# [Directions for this task]
Output the entries word for word. Omit images.

Collection entries
********

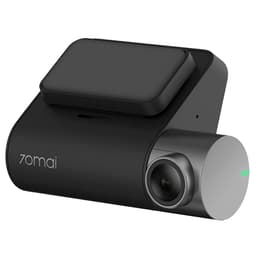 Xiaomi 70MAI Pro Actionkameras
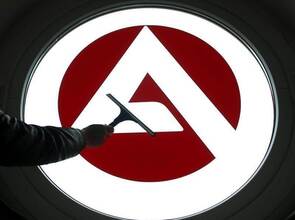 Symbolbild dpa Symbolbild dpa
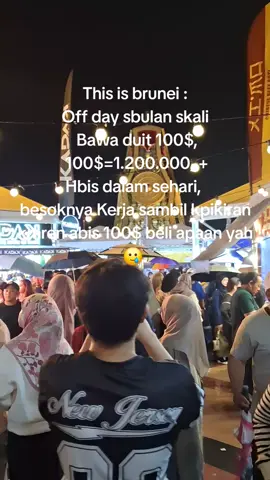 #bruneidarussalam #tiktokbrunei🇧🇳indonesia🇲🇨 #brunei #fypbrunei #tklbrunei🇧🇳 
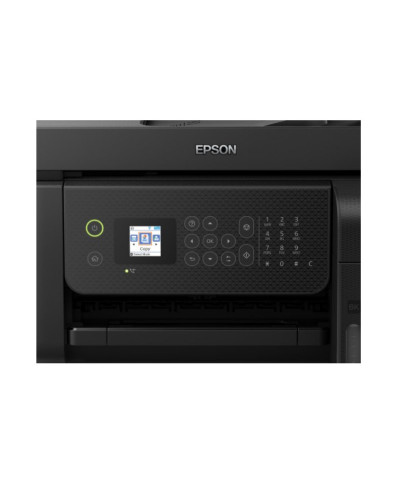 Epson Multifunción Ecotank ET-4800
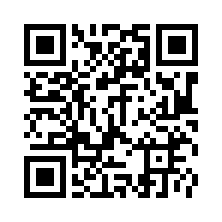 QR Code for 1MSb6bAPcLU2soE6iG6JC5eATidZB5j5vQ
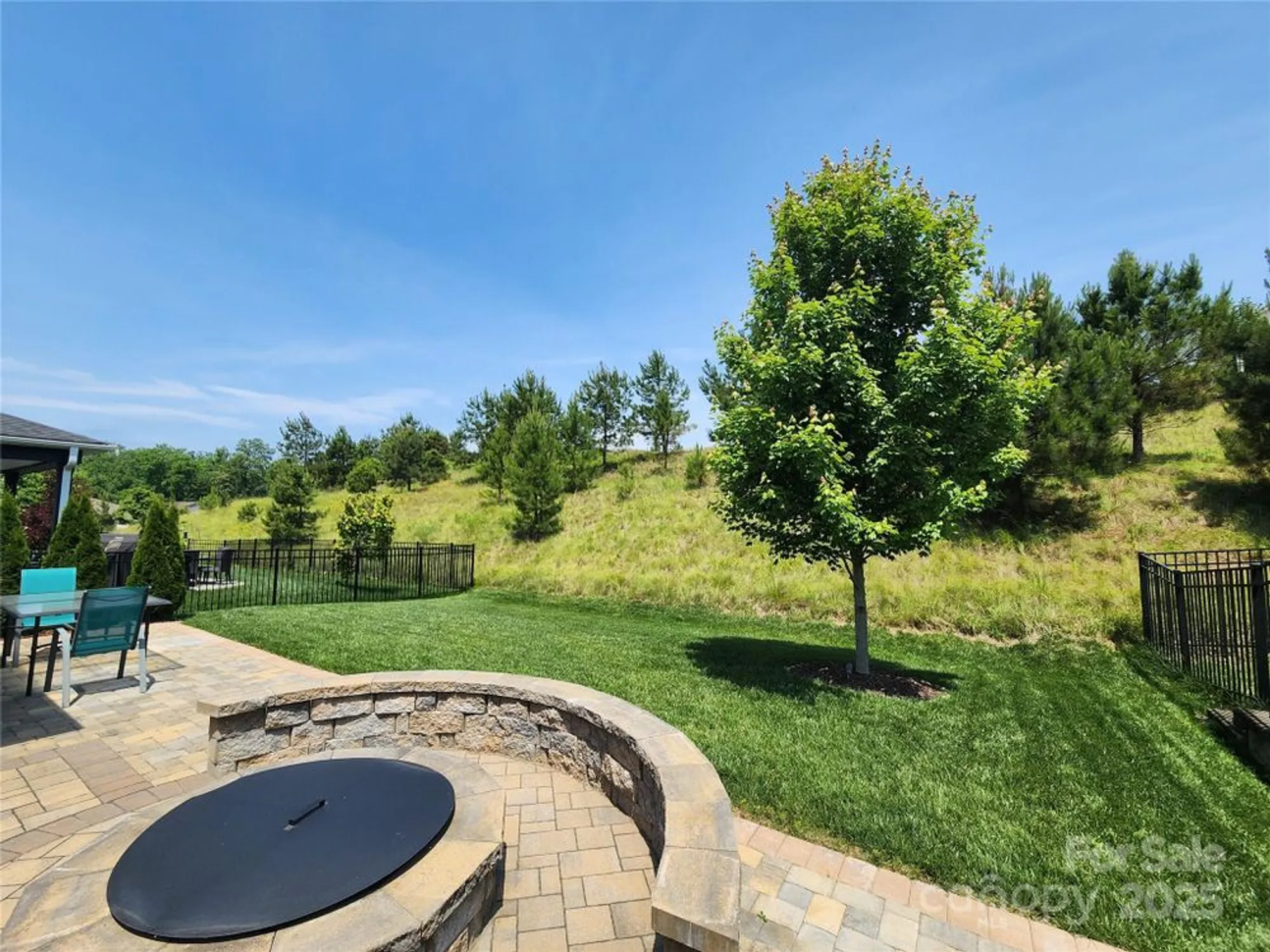 Property Slideshow image 2 of 46 | 5003 looking glass trl, Denver, NC, 28037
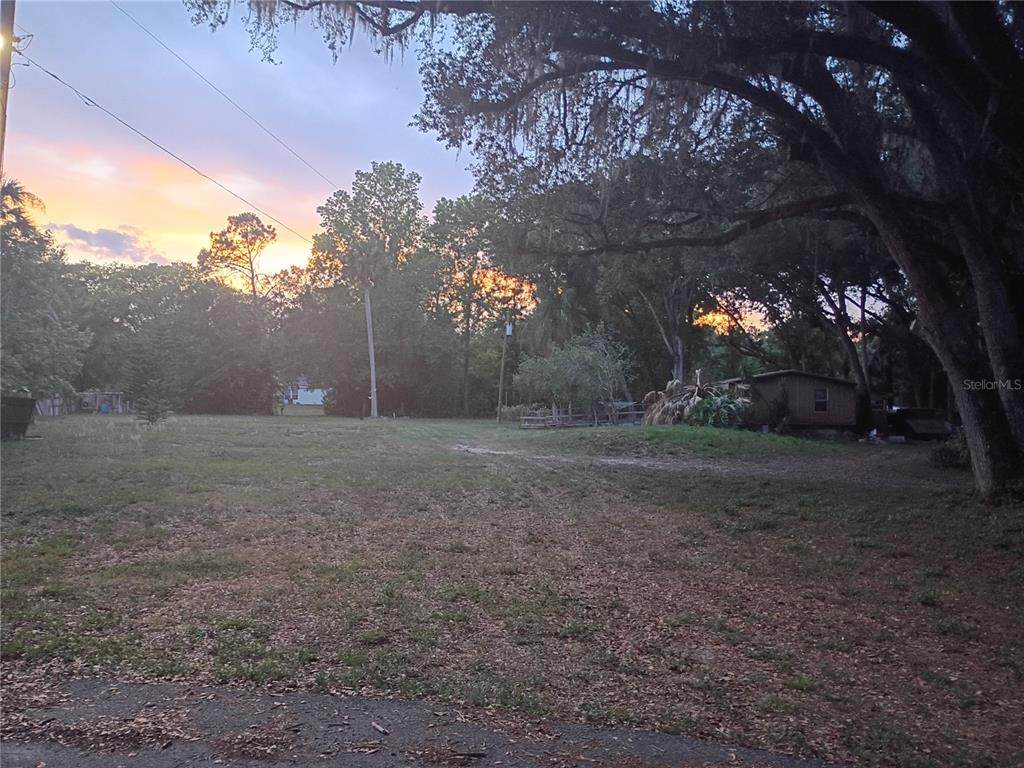 6641 Twilight Court - Photo 1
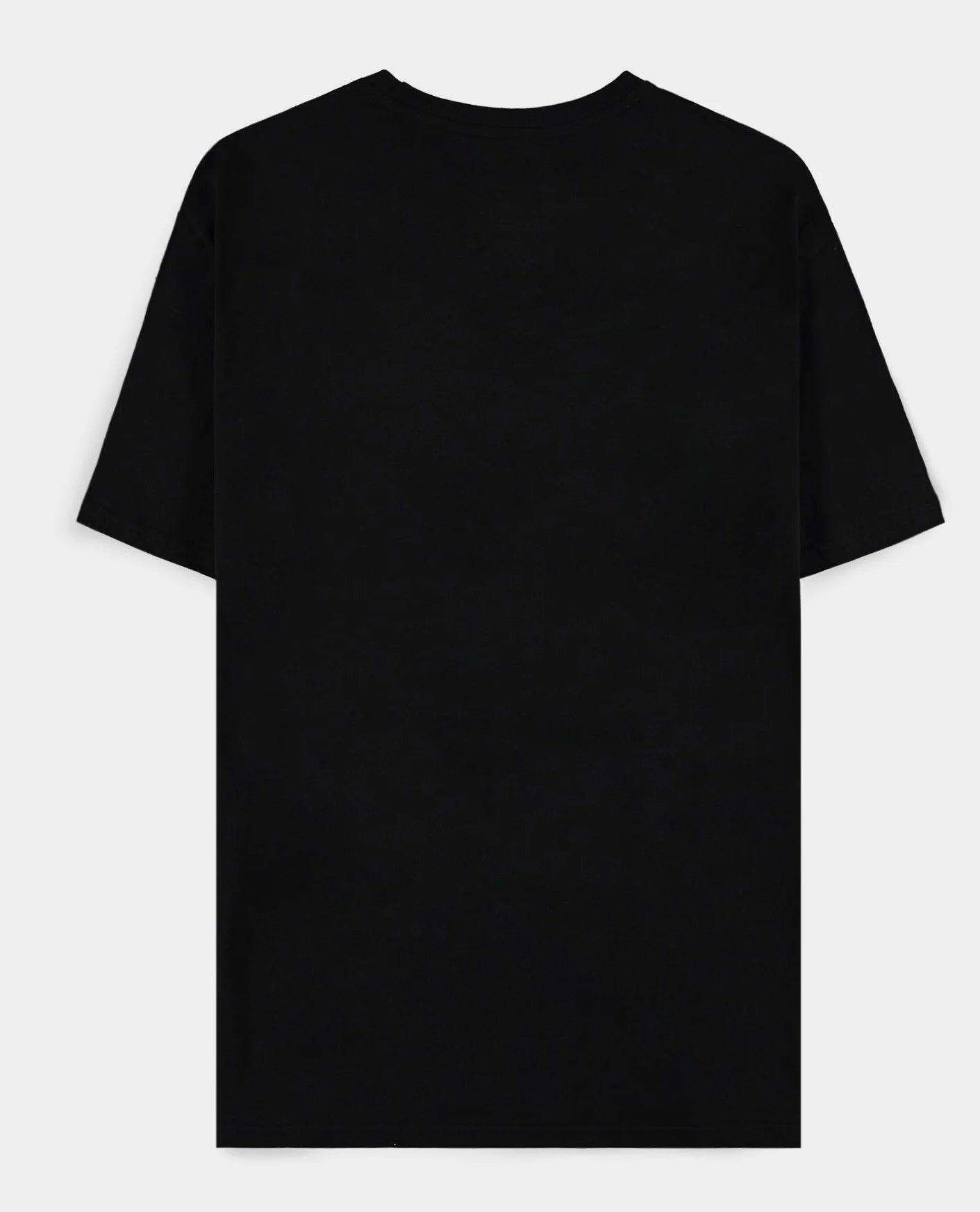 SPIDER-MAN - Venom Classic - Men's T-shirt (M)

********

# [Task output]
 Xiaomi 70MAI Pro Actionkameras
 Symbolbild dpa Symbolbild dpa
 #bruneidarussalam #tiktokbrunei🇧🇳indonesia🇲🇨 #brunei #fypbrunei #tklbrunei🇧🇳 
 Epson Multifunción Ecotank ET-4800
 QR Code for 1MSb6bAPcLU2soE6iG6JC5eATidZB5j5vQ
 Property Slideshow image 2 of 46 | 5003 looking glass trl, Denver, NC, 28037
 6641 Twilight Court - Photo 1
 SPIDER-MAN - Venom Classic - Men's T-shirt (M)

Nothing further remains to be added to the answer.